It can’t be business as usual.
Because it’s not a business-as-usual illness.
Decisions will have to be made — and soon.
On Monday, the Newfoundland and Labrador Association of Public and Private Employees raised a timely issue about sick notes, saying the province should quickly amend the legislation that lets employers require a doctor’s note if an employee is sick for more than three days.
It’s not only NAPE that’s raised the issue, though. The province’s doctors have addressed the point, too.
“Employers should encourage their employees to stay at home when they are sick with self-limiting viral illnesses in order to prevent the spread of infections to other patients and their co-workers,” said Newfoundland and Labrador Medical Association president Dr. Charlene Fitzgerald in a news release issued Monday. “Asking sick employees to go to a doctor’s office or an emergency department for the sole purpose of obtaining a sick note is not a responsible use of health resources and is a public health risk.”
The provincial government has to be keenly aware that its decisions have a host of effects on everything from business confidence to the economics of a province that has already been affected by January’s state of emergency in the St. John’s metro area.
The problem, of course, is timing.
That’s because the time for making that decision is either right now or relatively soon, even though there haven’t been COVID-19 cases here yet.
Once COVID-19 virus has gotten a foothold in the province, it will be essentially too late to make the decision, and not only on sick notes. (The province temporarily lifted the three-day limit for employees of regional health boards on Tuesday.)
The provincial government has to be keenly aware that its decisions have a host of effects on everything from business confidence to the economics of a province that has already been affected by January’s state of emergency in the St.
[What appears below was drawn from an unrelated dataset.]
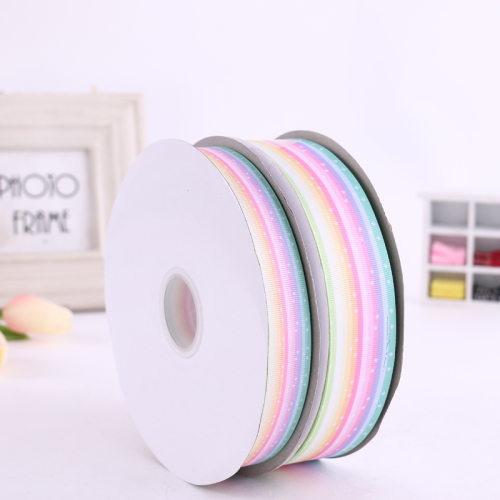 Yuanyang Ribbon Supply Colorful Color Matching Five-Pointed Star Pattern Decoration Wide-Brimmed Ribbon Hair Accessories Gift Box Packing Tape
John’s metro area.
The best route is to make sure that those who are ill, even with mild cases, are self-isolated and not actively spreading the illness to coworkers or everyone surrounding them in a doctor’s office or clinic. The absolutely best route would be to ensure that sick workers don’t have to continue to go to work because they can’t get by economically without reporting to work.
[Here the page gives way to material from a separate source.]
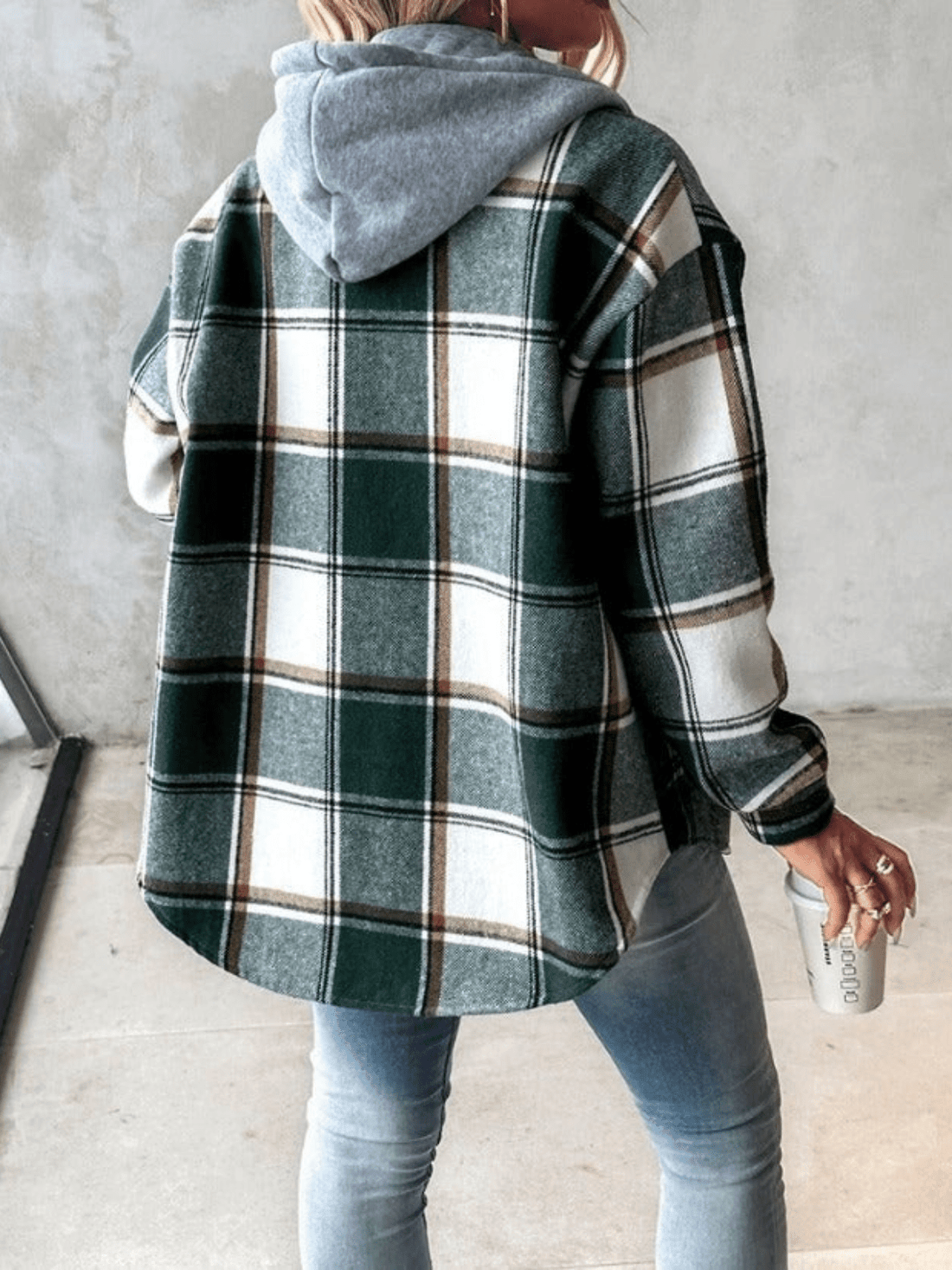 Women's sophisticated hooded plaid coat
Part of the overall equation has to do with community, not simply the natural selfish self-interest of protecting your own health.
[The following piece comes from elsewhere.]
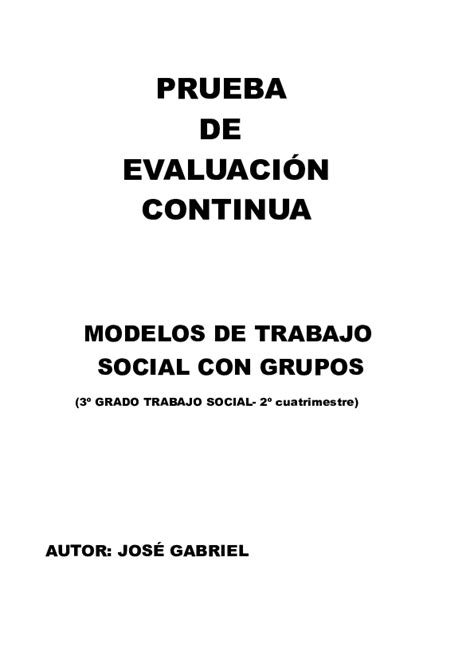 Pdf Prueba De EvaluaciÓn Continua Modelos De Trabajo Social Con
It’s not really about how well you will do if you develop the virus; a critical part of the question is who else you will expose to the virus, and what the spreading effects may be on people in the community at large.
COVID-19 is bringing tough questions to the fore for politicians and health specialists — how much personal freedom to limit, and how and when they have to decide to make that move.
None of it is going to be easy.
Deciding about sick notes is probably the smallest, easiest and earliest issue the government will have to deal with.